Exercise data:
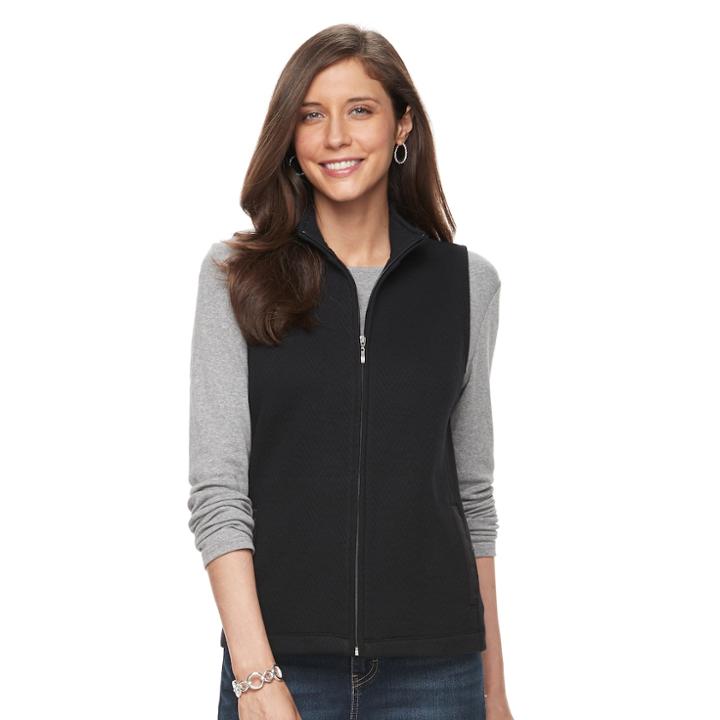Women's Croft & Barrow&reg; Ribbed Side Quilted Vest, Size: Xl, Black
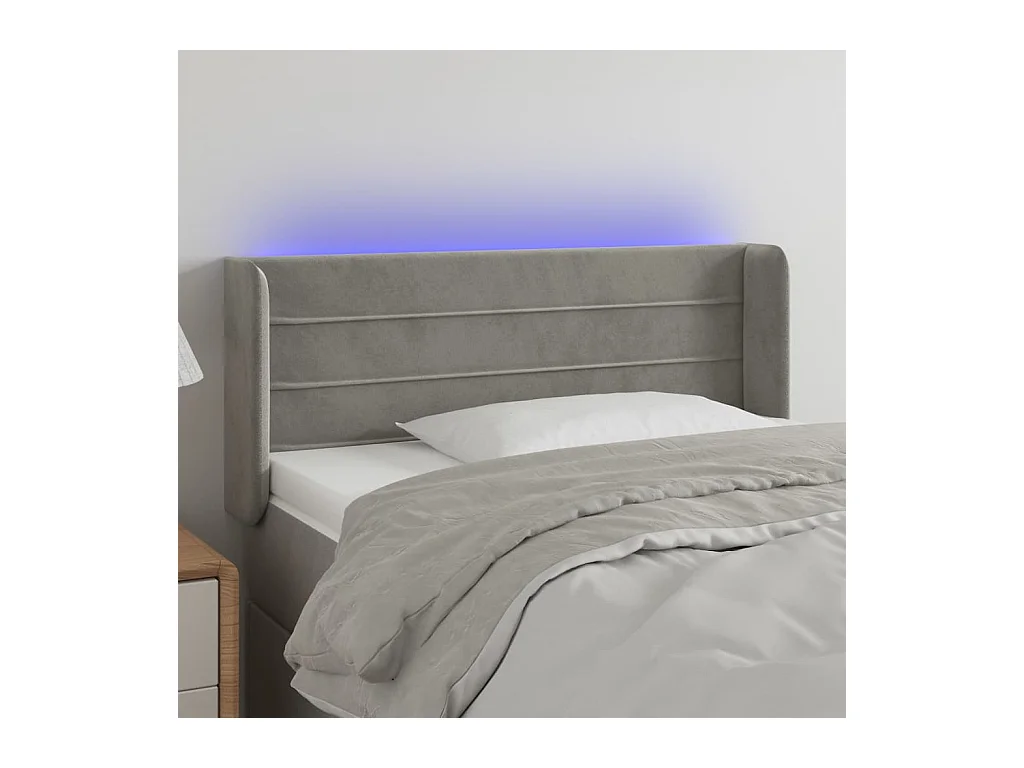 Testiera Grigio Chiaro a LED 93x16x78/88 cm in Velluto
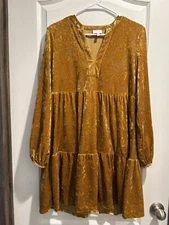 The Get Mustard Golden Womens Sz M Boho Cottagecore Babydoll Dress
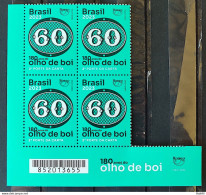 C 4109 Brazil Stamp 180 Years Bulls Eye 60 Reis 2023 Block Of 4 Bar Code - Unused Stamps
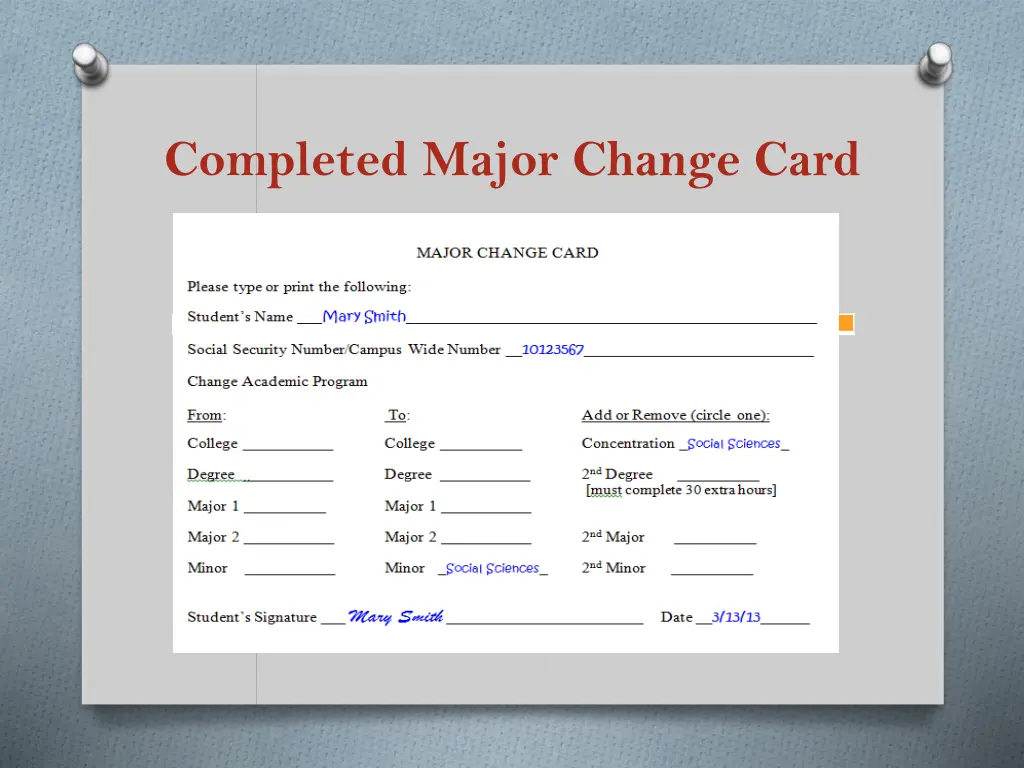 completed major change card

---

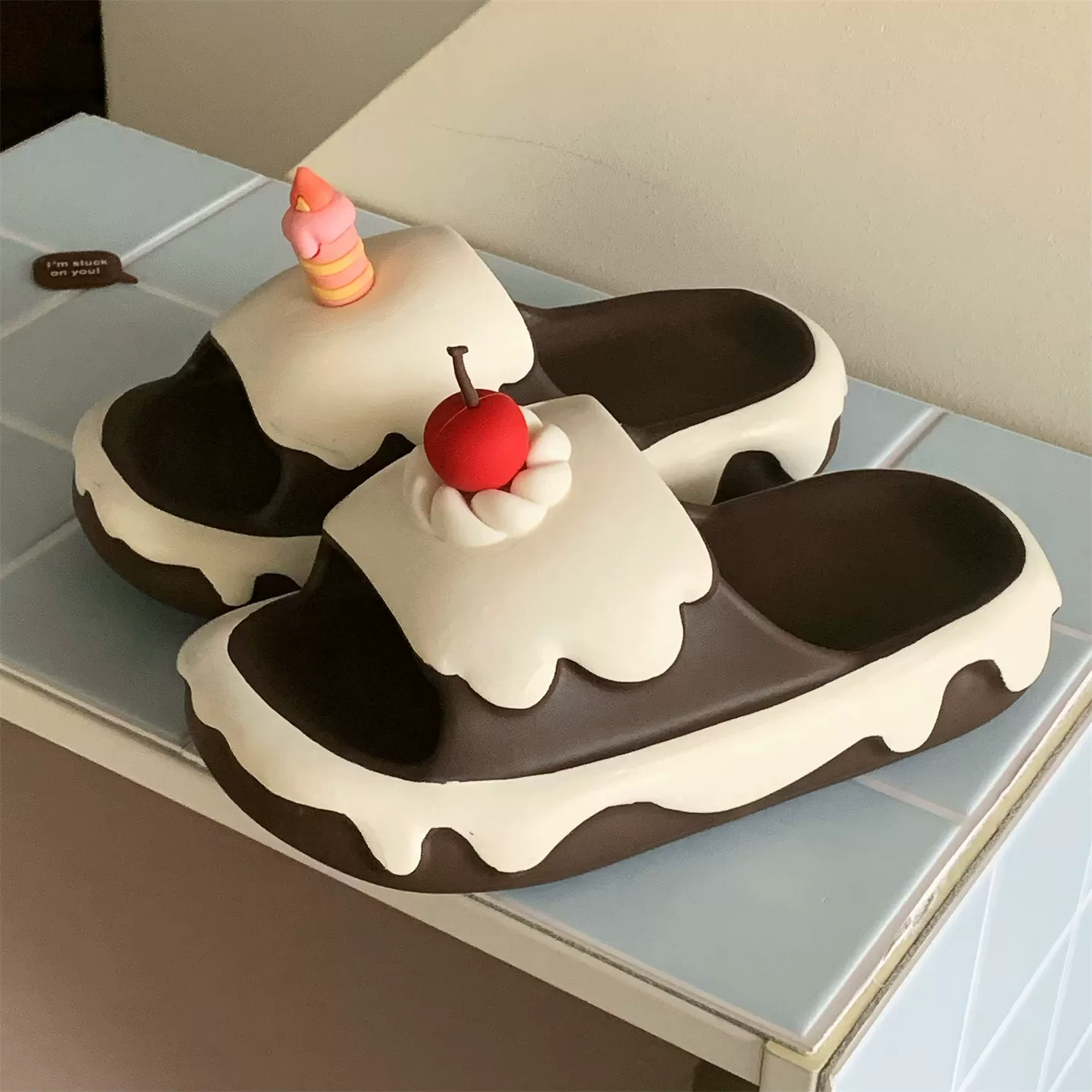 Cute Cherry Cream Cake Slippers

--

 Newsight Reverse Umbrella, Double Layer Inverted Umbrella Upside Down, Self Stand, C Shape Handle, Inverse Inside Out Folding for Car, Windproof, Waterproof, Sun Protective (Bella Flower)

Task to complete: What you return from the records above should be exactly everything from the line with "Women's Croft &" down to the line with "completed major change card", both kept, and no pictures.

Answer space:
Women's Croft & Barrow&reg; Ribbed Side Quilted Vest, Size: Xl, Black
 Testiera Grigio Chiaro a LED 93x16x78/88 cm in Velluto
 The Get Mustard Golden Womens Sz M Boho Cottagecore Babydoll Dress
 C 4109 Brazil Stamp 180 Years Bulls Eye 60 Reis 2023 Block Of 4 Bar Code - Unused Stamps
 completed major change card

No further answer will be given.